A regañadientes, seguro de que era una pésima idea, Bruno aceptó la invitación y se adentró en la casa a la espera de una conversación que se adivinaba con pronóstico reservado.

—¿Entonces? —preguntó abriendo los brazos de par en par.

—Sé que me aborreces —alegó—; fui una pésima compañera en la escuela y me volví todavía más odiosa conforme fui creciendo.

—No voy a discutir eso —sonrió.

—Robé el novio de mi mejor amiga, la difamé a diestra y siniestra y prácticamente me apropié de todo cuanto pude.

—¿Es una suerte de confesión? —preguntó frunciendo el ceño—. Porque si es así hay una Iglesia aquí cerca y…

—No le creas —interrumpió directa.

—¿Disculpa?

—Ella no es la santa que tú crees.

—Tenía razón, no debí pasar.

—¿A qué le temes?, ¿a la verdad tal vez? —presionó.

—No me importa que problemas haya entre Silvana y tú —replicó mientras enfilaba hacia la puerta—, pero hazme el favor de no involucrarme.

—Solo quiero ayudarte.

—Gracias pero no lo necesito, estoy bien.

—Estás enamorado, cualquiera se da cuenta.

—Tonterías.

—Ella jamás estará contigo —sentenció—. Lamento decirlo de este modo tan crudo y abrupto, pero así soy yo.

—¿Eso es todo? —inquirió mordiéndose el labio inferior, incómodo, molesto.

—Solo recurrió a ti porque necesitaba ayuda, pero te desechará en cuanto dejes de serle de utilidad.

—Adiós Mónica, fue un gusto volver a verte.

—¿Crees que Esteban y Jorge fueron sus únicos amoríos?

—Todos tenemos un pasado…

—Escucha —dijo acercándose hasta tomarlo de las manos—, el tuyo es un amor no correspondido.

—¿Ella te lo dijo?

—La conozco mucho más que tú Bruno —contestó— y por eso puedo decirte que es una zorra con piel de cordero que hará cualquier cosa, incluso jugar con tus sentimientos, con tal de regresar con el hombre, el único hombre que alguna vez amó de verdad.

—¿Y quién es? —indagó con sincera curiosidad, cruzándose de brazos.

—Rodrigo Alonso; el hijo del gobernador.

—¿Por qué estás diciéndome esto? —preguntó frunciendo el ceño—. Ambos sabemos que no me tienes ninguna estima, ni te importa lo que suceda conmigo.

—Llámalo redención, un acto inusitado de buena fe.

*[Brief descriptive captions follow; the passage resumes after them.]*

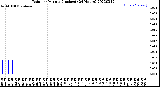 Milwaukee Weather Rain<br>per Minute<br>(Inches)<br>(24 Hours)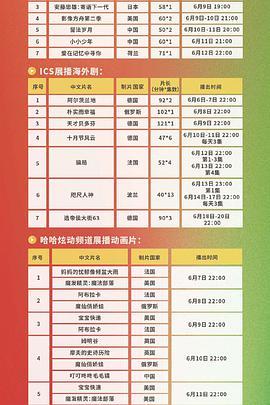 第27届上海<span style='color:red'>电视</span>节颁奖典礼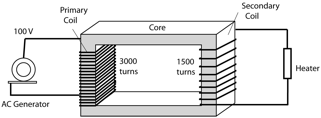 Description: Macintosh HD:Users:tohei:Documents:*G_Figures:4_Magnetism:I-132_Transformer-2.tif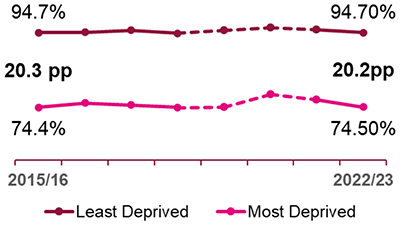 Figure 7. A line chart showing trends in the percentage of school leavers with one or more qualification at SCQF Level 5 or better. School leavers with one or more pass at SCQF level 5 or better Decreased from 85.6% in 2015/16 to 84.8% in 2022/23. The attainment gap between leavers from the most deprived and least deprived areas has narrowed since 2015/16 at SCQF Levels 5 or better.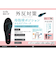 イズフィット（is－fit）　健康工房　外反対策インソール　女性用　M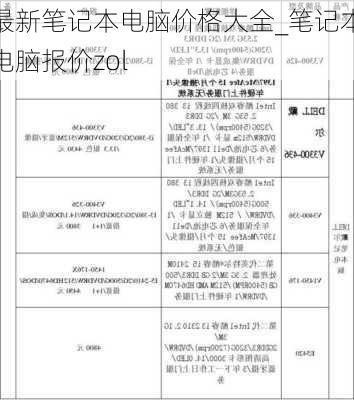 最新笔记本电脑价格大全_笔记本电脑报价zol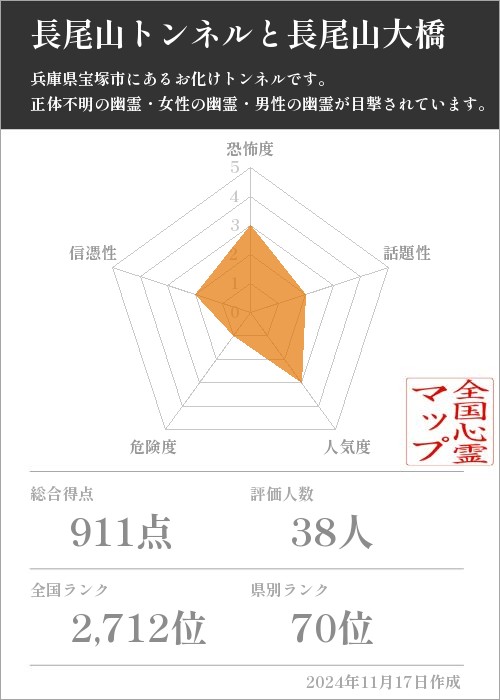 長尾山トンネルと長尾山大橋の基本情報画像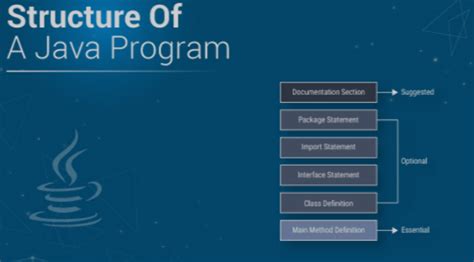 Image result for Java Application Structure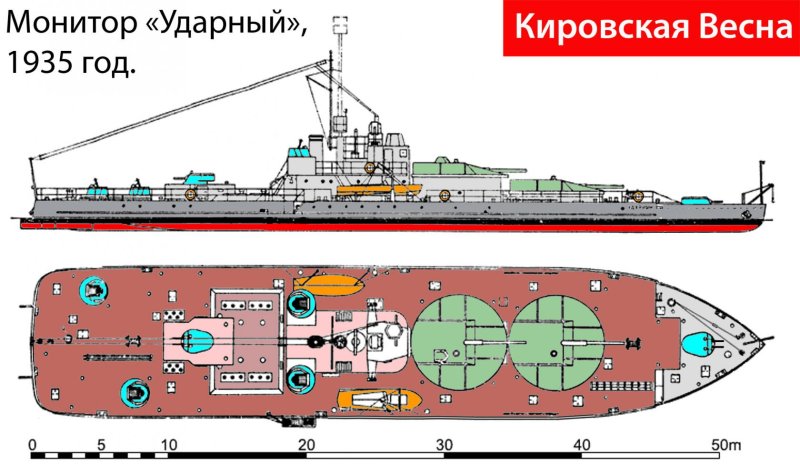 Мониторы типа Хасан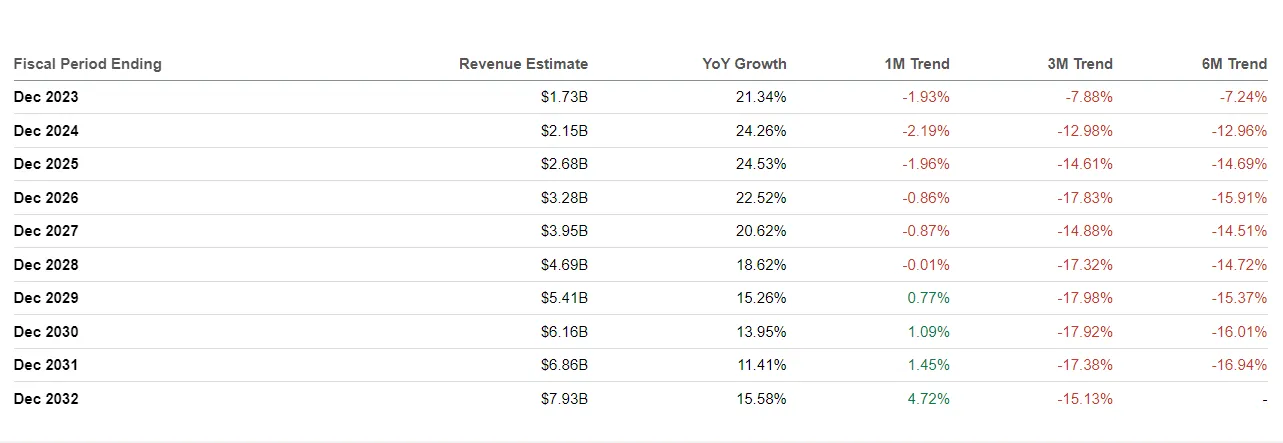 Adyen-revenue-prognozy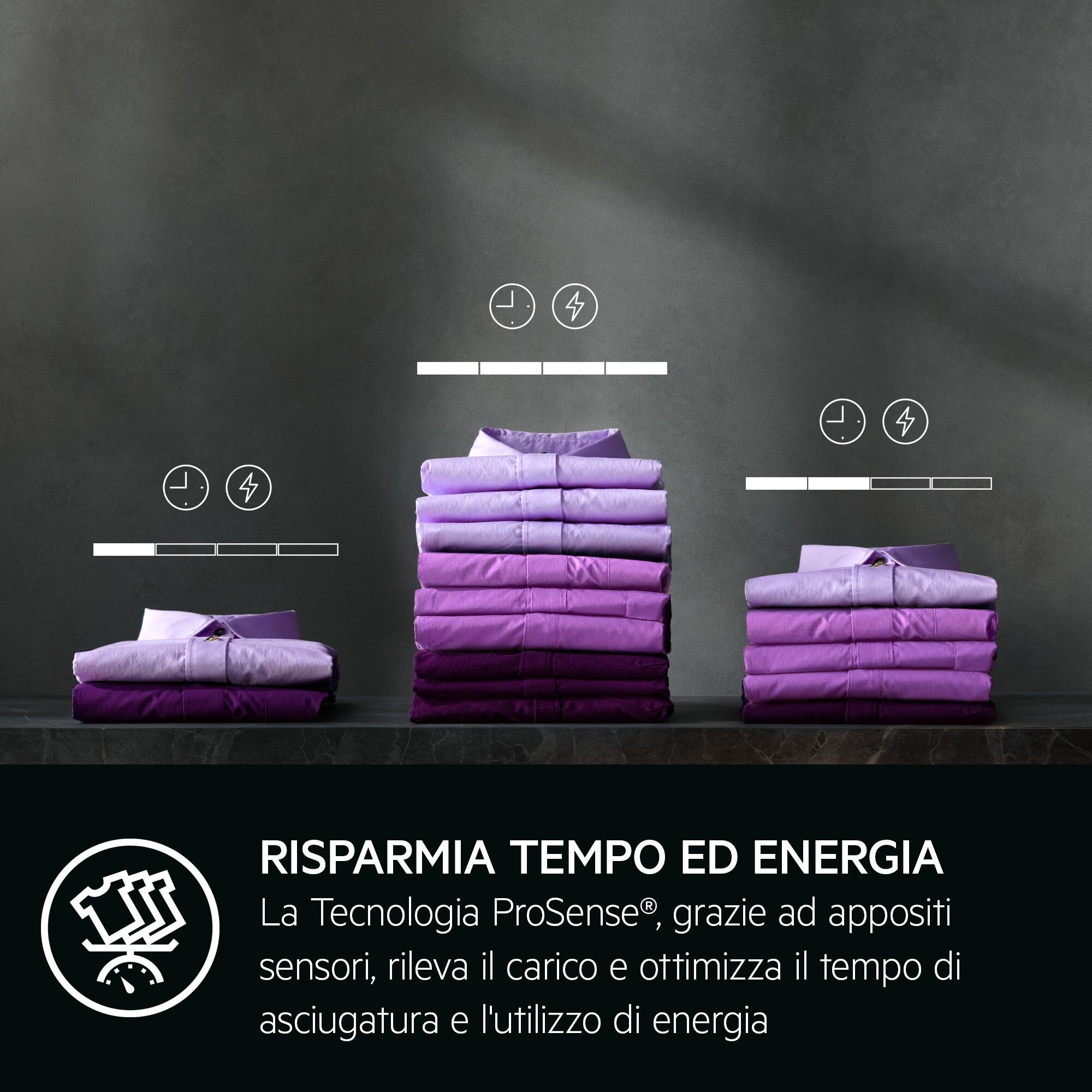 Asciugatrice Libera Installazione Caricamento Frontale AEG Series 7000 SensiDry TR7HG9C 9 Kg Bianco Classe C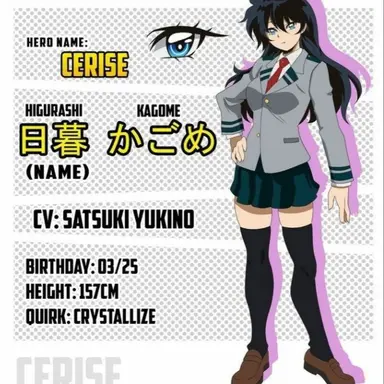 Profile image of Kagome Higurashi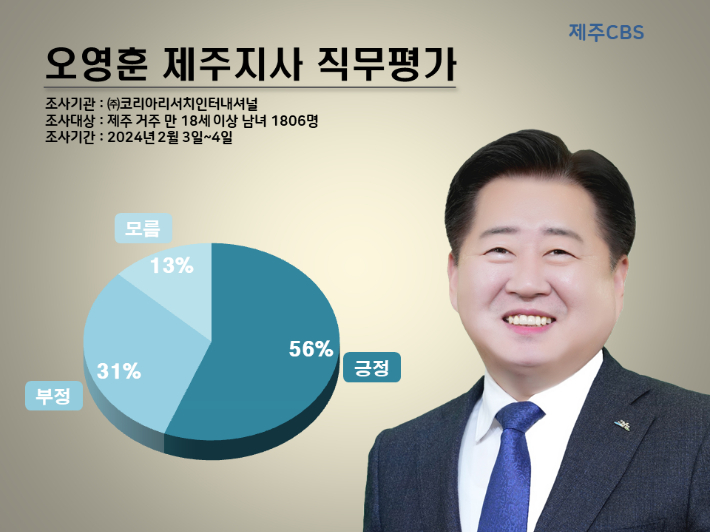 오영훈 제주지사 '잘한다' 56%·김광수 교육감 60%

—Creí que Silvana iba a casarse con Jorge.

—Eso fue después de que Rodrigo le rompiera el corazón —comentó con la mirada perdida, como si estuviera reviviendo en su mente aquellos viejos y convulsionados años.

—Entonces fue algo serio.

—Lo fue —asintió—. Estuvieron juntos desde los 19 hasta los 23. Eran jóvenes pero eso bastó para marcarla de por vida.